Nikodemus, der ungebeugte,

Und er, der, achtunddreißig Jahr

Krank, von Christus geheilt worden war,

Der Aussätzige zeugte da,

Der Blindgeborene, der nun sah,

Und mancher geheilte Lahme,

Veronica auch, die lobesame,

Die einst, berührend den Saum seines Kleides,

Plötzlich frei ward alles Leides.

Zwölf Biedermänner auch beschworen,

Dass er ehrlich sei geboren.

Das half doch alles nichts;

Zum Hohne gerechten Gerichts

Ward Jesus verurteilt zum Kreuzestod.

Nikodemus, der ihm Hilfe bot,

Ward von den Juden gescholten da,

Und Josef von Arimathia,

Der seinen Leichnam hatte gepflegt,

Ward zur Strafe gefangen gelegt.

 

Nun hört, wie Christi Höllenfahrt

Den Juden ward geoffenbart!

Simeon der weise,

Der einst zu Gottes Preise

Zum Tempel war gekommen

Und dem Kind, wie wir vernommen,

Geweissagt hatte große Leiden,

Hatte zwei Söhne; diese beiden,

Carinus und Leucius genannt,

Waren schon tot, doch es erstand

Ihr Leib mit vielen andern Toten

Bei Christi Tod. Als heilige Boten

Traten sie unter die Juden sogleich

Und sprachen: "Ihr Brüder, vom unteren Reich

Kommen wir zur Erde heut`.

Lang bangten wir in Dunkelheit,

In Abrahams Schoße, bei den alten

Vätern, nicht fern von den Höllengewalten,

Bis uns ein helles Licht erschien.

Da rief Isaias: "Sehet hin!

Das ist das Licht, das ich geschaut."

Auch unser Vater jubelte laut.

Johannes dann, der zuletzt gekommene,

Gab uns die Kunde, die froh vernommene,

Von Christi Ankunft. Und Adam und Seth

Erkannten das Heil, dazu mancher Prophet.

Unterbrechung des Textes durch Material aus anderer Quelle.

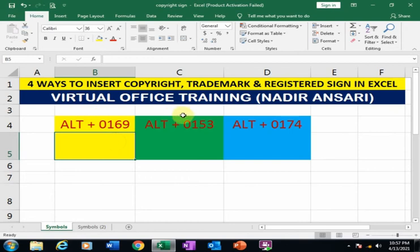Welcome to the virtual office training. Today we will learn four ways to insert copyright, trademark, and registered signs in Microsoft Excel.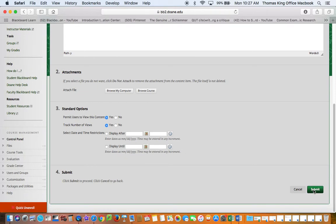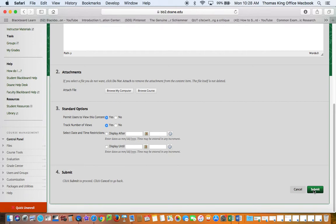Once you do that click submit and you will have your item. It will generally appear at the bottom of the list in the content area you're working from and then you'll have the ability to move that item up in the list if you want to for people to see.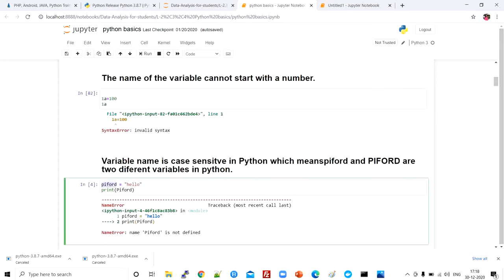Install Python on your PC and try the code we discussed today. In my next lecture, we will study lists, tuples, and dictionaries practically. Thank you.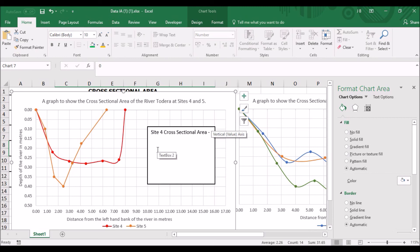And that is how you use scattergraphs to show the cross-sectional area of the river at more than one or two sites. For the next video, I'm sharing how to interpret these graphs.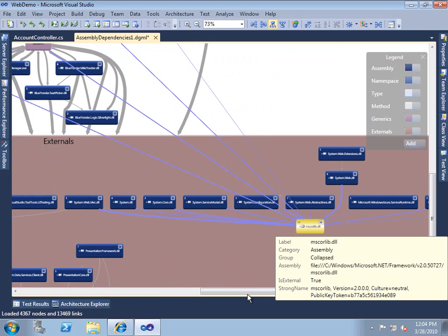So we can verify that these aren't unique dependencies that will cause a maintenance problem later on. We can do that by simply using the dependency diagram to drill all the way down from the assembly level down to the method level. Thank you.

Da erschrak Fürst Satan und Lucifer,

Nun Hades genannt, der Unterwelt Herr.

Zugleich ertönte von außen die Stimme

Der Engelschar im heiligen Grimme:

"Ihr Fürsten der Hölle, tut auf das Tor!

Der König der Herrlichkeit steht davor."

Mit den Legionen der Höllenmächte

Stellte sich Satan nun zum Gefechte.

Doch er ward überwunden. Lucifers Schelten

Und Hohn ließ ihn seine Torheit entgelten.

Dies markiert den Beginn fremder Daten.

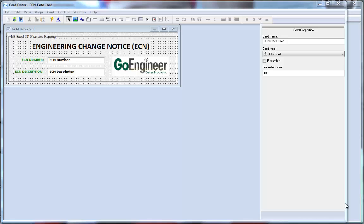Hello, my name is Waleed Raban and I'm a certified Enterprise PDM professional for GoEngineer. In this Quick Tips video, I will be discussing how to link your data card variables to Microsoft Excel 2010 documents, such as an ECN, using Enterprise PDM 2013.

Der Hölle Riegel zerbrachen mit Krachen.

Da ward unser Weinen zu seligem Lachen.

Von David angestimmt erschallte

Das Loblied, das die Hölle durchhallte.

Und Christus legte Adams Hand

In die Sanct Michaels. Allzuhand

Brachte er uns ins Paradies.

Henoch und Elias hieß

Uns dort willkommen und auch dabei

Der gute Schächer. - Wir sprachen frei,

Was uns erlaubt ist, euch zu sagen.

Mehr dürfen wir nicht zu verraten wagen.

Michael sandte uns wieder ins Leben,

So hehres Zeugnis euch zu geben.

Bald müssen wir von dannen ziehn:

Zum Himmel führt uns Christus hin."

 

Und sie verschwanden. Ihre Worte

Wurden vielen des Heiles Pforte.

 

(Aus: "Goldene Legende der Heiligen"

von Joachim und Anna bis auf Constantin den Großen

neu erzählt, geordnet und gedichtet von

Richard von Kralik, 1902)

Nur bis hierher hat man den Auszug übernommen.